The annual Ossie Awards, named after journalist Osmar S. White, are organised by the Journalism Education and Research Association of Australia (JERAA). Entries can include stories or publications created by students for class assignments, work experience, internships, paid employment or their own personal initiative. The works are judged by a panel of senior journalists and editors.
At this year’s award ceremony, held in Hobart, Bachelor of Communication (Journalism) student, Tallulah Thompson, won the prize for ‘Best text-based story by an undergraduate student - over 750 words’. Her work, titled “The heart of the matter”, reported on surgery waiting times for heart patients at the Children’s Hospital at Westmead.
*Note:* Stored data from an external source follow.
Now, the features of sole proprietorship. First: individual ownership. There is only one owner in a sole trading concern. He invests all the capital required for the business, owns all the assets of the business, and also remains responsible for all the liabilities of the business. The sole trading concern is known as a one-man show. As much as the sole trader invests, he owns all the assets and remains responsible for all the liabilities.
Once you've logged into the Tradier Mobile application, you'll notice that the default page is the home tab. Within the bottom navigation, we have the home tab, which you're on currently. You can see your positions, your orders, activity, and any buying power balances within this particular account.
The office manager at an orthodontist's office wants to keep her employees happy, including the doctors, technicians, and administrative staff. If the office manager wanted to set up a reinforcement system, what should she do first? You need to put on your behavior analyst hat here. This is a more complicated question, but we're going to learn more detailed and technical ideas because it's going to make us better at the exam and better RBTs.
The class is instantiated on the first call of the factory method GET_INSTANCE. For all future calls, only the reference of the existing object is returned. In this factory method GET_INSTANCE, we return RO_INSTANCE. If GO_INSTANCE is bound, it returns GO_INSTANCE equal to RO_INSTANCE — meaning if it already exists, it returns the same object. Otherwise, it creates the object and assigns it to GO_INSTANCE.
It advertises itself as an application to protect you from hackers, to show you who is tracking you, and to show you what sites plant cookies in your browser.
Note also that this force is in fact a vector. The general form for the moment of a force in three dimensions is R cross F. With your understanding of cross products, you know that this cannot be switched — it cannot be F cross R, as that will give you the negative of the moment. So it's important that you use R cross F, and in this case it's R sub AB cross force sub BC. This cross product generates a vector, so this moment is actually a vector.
Judge and author at The Australian, Rick Morton, said the piece “contains all the elements of excellent story-telling”.
[Tallulah] has taken an issue that affects children and families deeply and illustrated it with a compelling case-study with the hard nose of sources inside the hospital who are clearly worried about the strain being placed on patients and their loved ones due to system blockages. It is well written, backed with data and in its own quiet way demands the reader care with some urgency about the problem.
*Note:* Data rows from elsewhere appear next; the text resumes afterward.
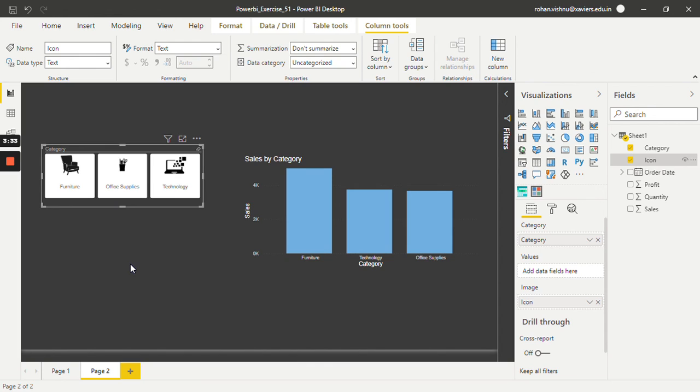So this is the advantage of using the chiclet slicer instead of normal slicer. It gives more flexibility to your dashboard. So in this way one can make use of chiclet slicer in Power BI.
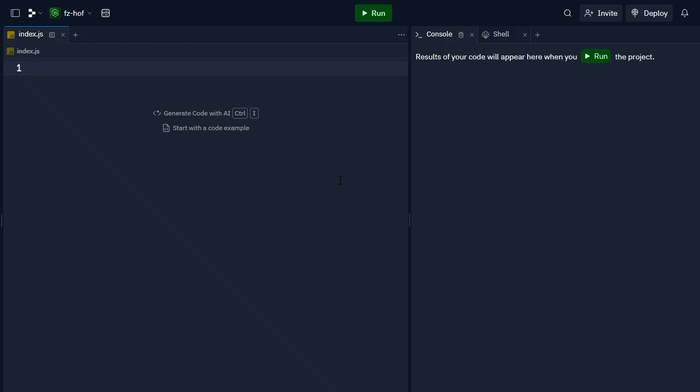Hello and welcome to KeepCoding. In this video, we will talk about higher-order functions. Higher-order functions is a functional programming concept. We will talk about this in JavaScript, but this concept applies in any language.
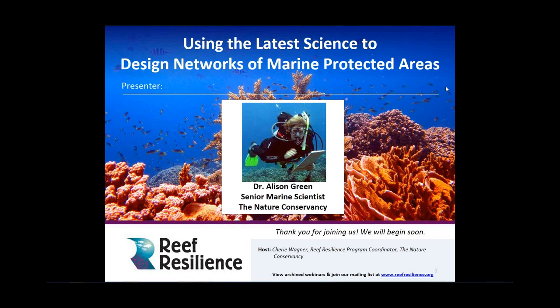Welcome to the Reef Resilience webinar, Using the Latest Science to Design Networks of MPAs. Thanks for joining us today. My name is Sherry Wagner, and I am the Reef Resilience Program Coordinator for the Nature Conservancy and your host for today's webinar. This webinar is part of the Reef Resilience Mentored Online Course, Resilient MPA Design, that started just a month ago in April.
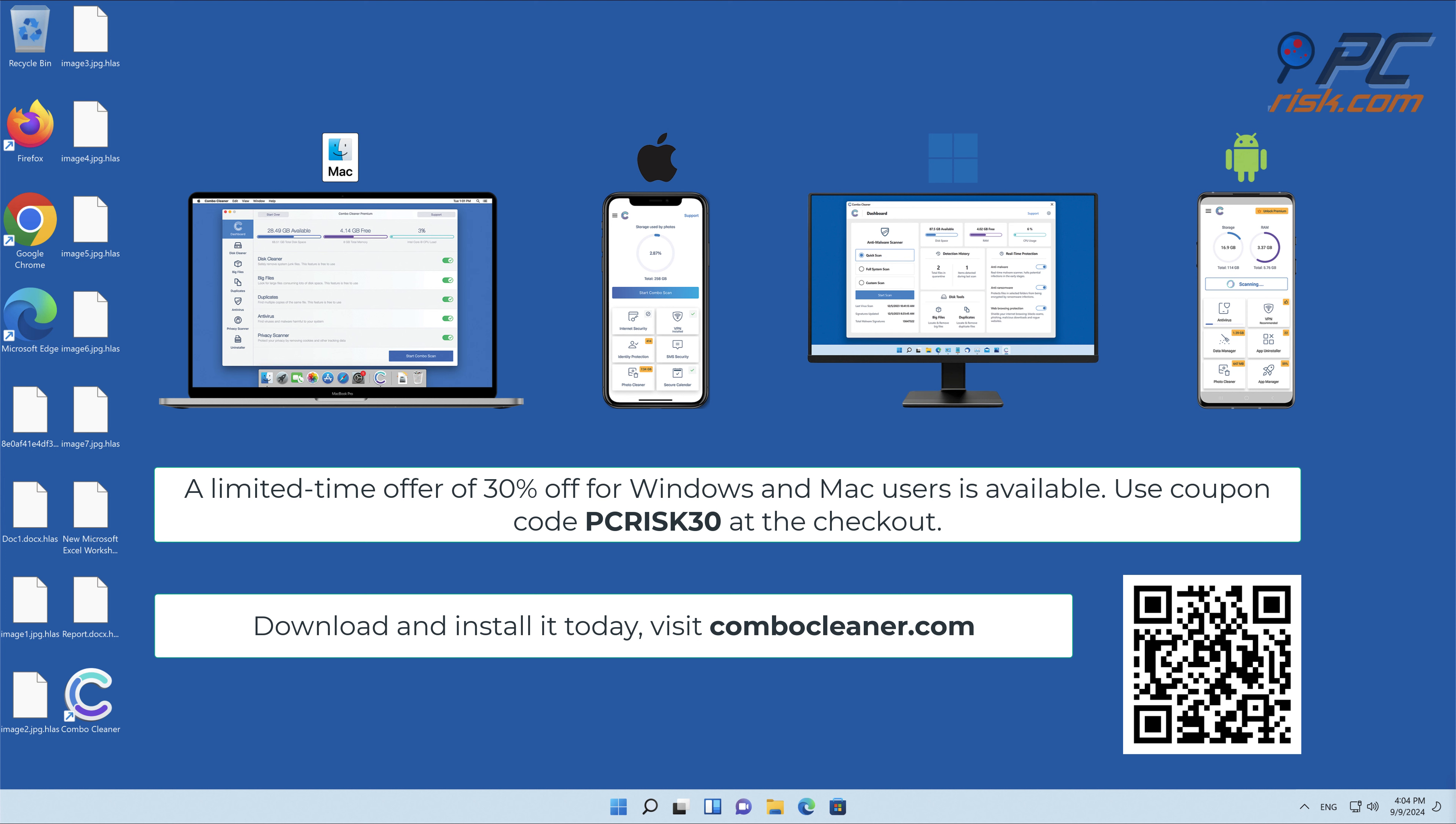To keep your device running smoothly, avoid malware infections, and free up disk space, we recommend using Combo Cleaner. A limited time offer of 30 percent off for Windows and Mac users is available. Use coupon code PCRISK30 at the checkout.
Rick Morton, 2018 Ossie Award judge
UTS Communication students, Ninah Kopel and Ollie Henderson, were also awarded an Ossie for the ‘Our Watch’ award, a category for stories that cover a violence against women issue.
Ninah and Ollie created a podcast titled “After #MeToo: Conditions of entry”, which was an exploration and analysis of the experiences of immigrant women who are victims of sexual and intimate partner violence.
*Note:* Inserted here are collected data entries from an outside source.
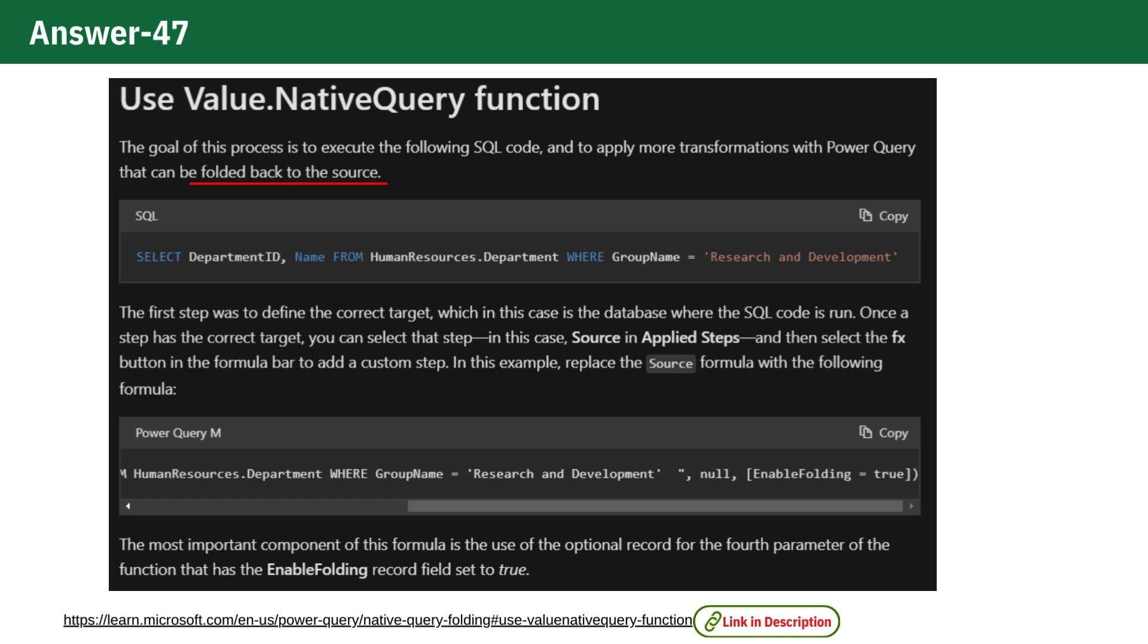Instead of importing large amounts of data and then filtering and processing it within Power Query, enabling Query Folding allows these transformations to be executed directly at the database level. This can drastically reduce the amount of data transferred and improve overall performance.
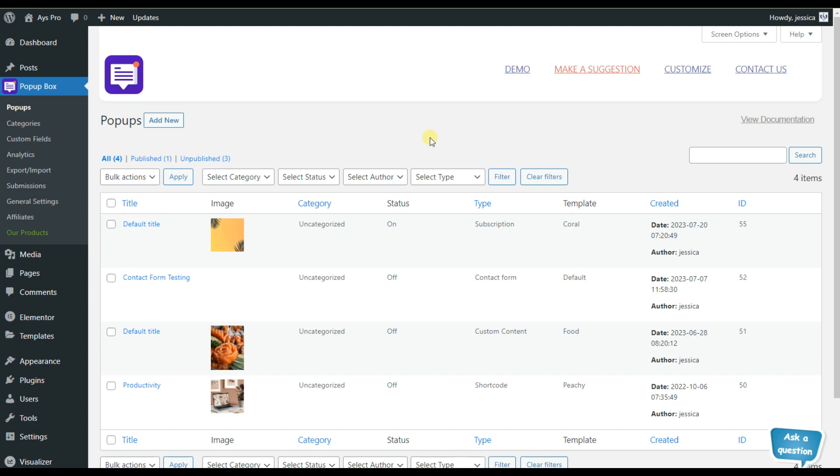So this is how my dashboard looks like after installing and activating the pop-up box plugin. Here you can see that I have already created various pop-ups, but for creating your very first pop-up, all you need to do is to click on the add new button.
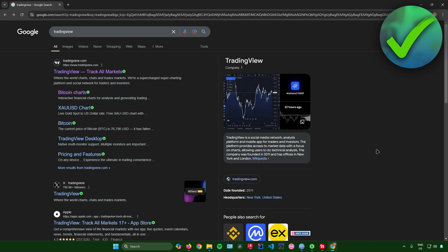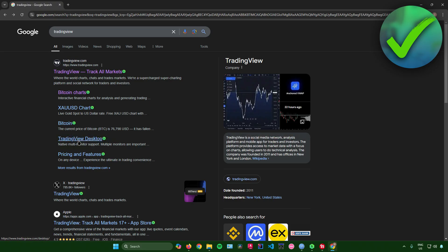The first thing you have to do is simply open up your web browser and then search for TradingView. After that, click on TradingView Desktop right here.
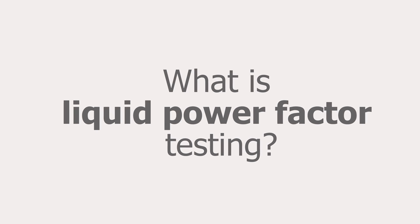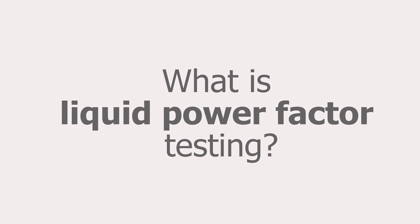What is liquid power factor testing? Liquid power factor testing is another one of the analytical tests we can perform on the fluid from fluid-filled transformers. It's a specific test that we can run for dielectric fluid that's in an alternating current field.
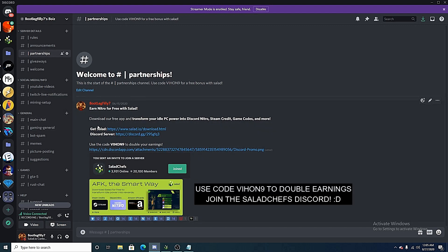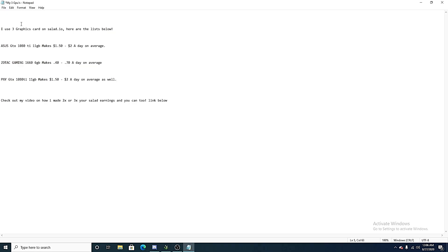All right guys, these are the three graphics cards I use on salad.io. I use an ASUS GTX 1080 Ti. It makes a dollar fifty to two dollars a day on average. Because with this new dynamic earnings, we are earning a little bit more sometimes, a little bit less.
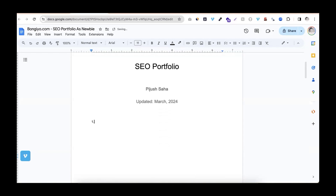One approach is that we have around 200 resources. We have a website. If you have a website with 200 pages, you can use the data. In Google Search Console, you can use that data.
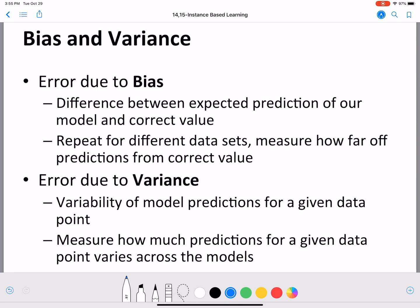Bias and variance are two different ways of measuring error in machine learning models. Bias is the difference between the expected prediction of our model and the correct value. Suppose we predict something and the correct value of that data point is different — we examine the difference and report it as the bias. Typically we repeat this for different datasets, measure how far off the predictions are from the correct value, and return the total bias of the model against the data.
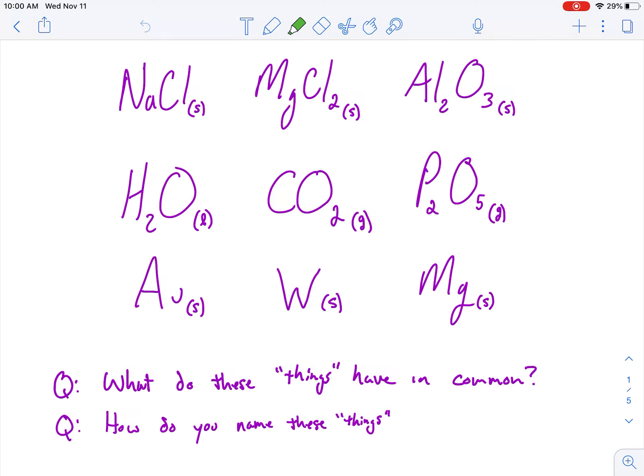All right, you crazy chemistry kids. Here's your introduction to chemical bonding, or intramolecular forces.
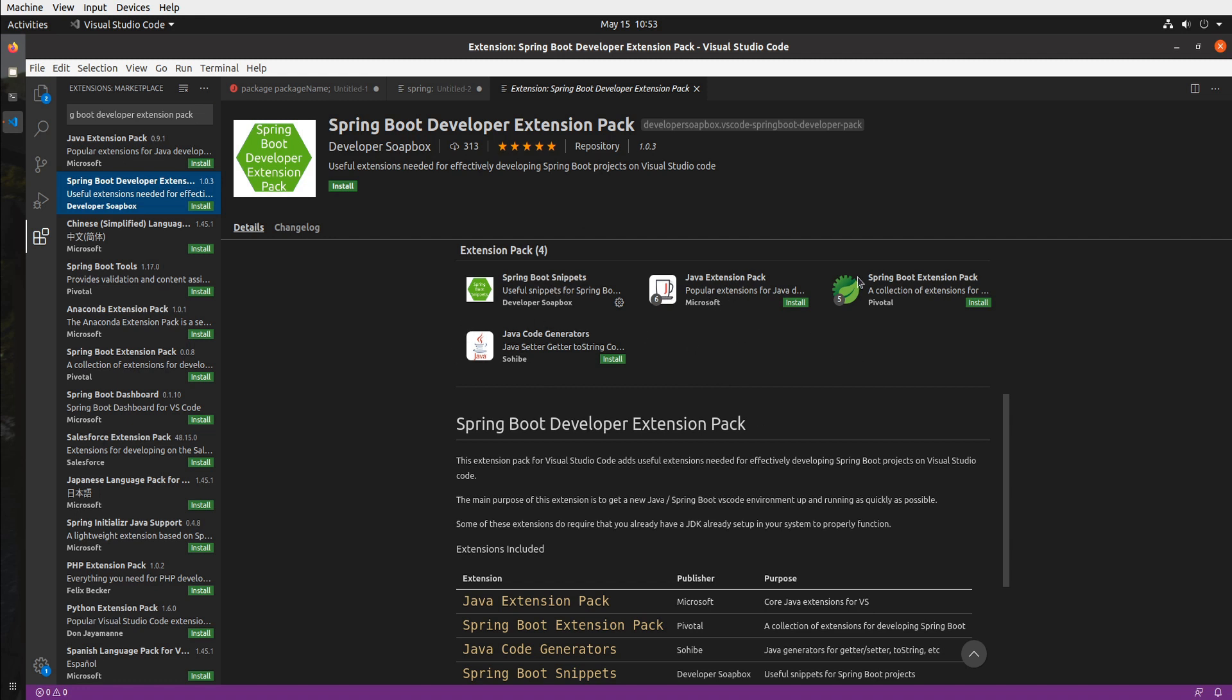This right here is a Java getter and setter generator, and then my own extension which I just showed you how to use. So are there any other Visual Studio extensions that you think would make your life easier? So let me know in the comments below and I hope you really enjoyed this video and as always stay safe and have an awesome day!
Judges, Caitlyn Hoggan and Jane Gilmore, commended the pair for “offering commentary from reliable sources including academics, and victim/survivors themselves, bringing a human voice to the story.”
[The podcast] delivers a clear picture of the additional challenges immigrant women experience including victim blaming and isolation, and discusses the gendered context in which violence occurs, highlighting the power perpetrators and the broader system have over victim/survivors.
Caitlyn Hoggan and Jane Gilmore, 2018 Ossie Award judges
UTS Journalism student, Massilia Aili, was also awarded Highly Commended for the John Newfong Prize for Reporting on Indigenous Affairs.
The students were supported by staff in the School of Communication, including Dr Catriona Bonfiglioli, Helen Vatsikopoulos and Jenna Price. Professor Monica Attard, Head of UTS Journalism praised the students, saying "Congratulations to our UTS winners – well done all. I hope all that great journalism which has been awarded ends up inspiring them to go further, higher and harder!".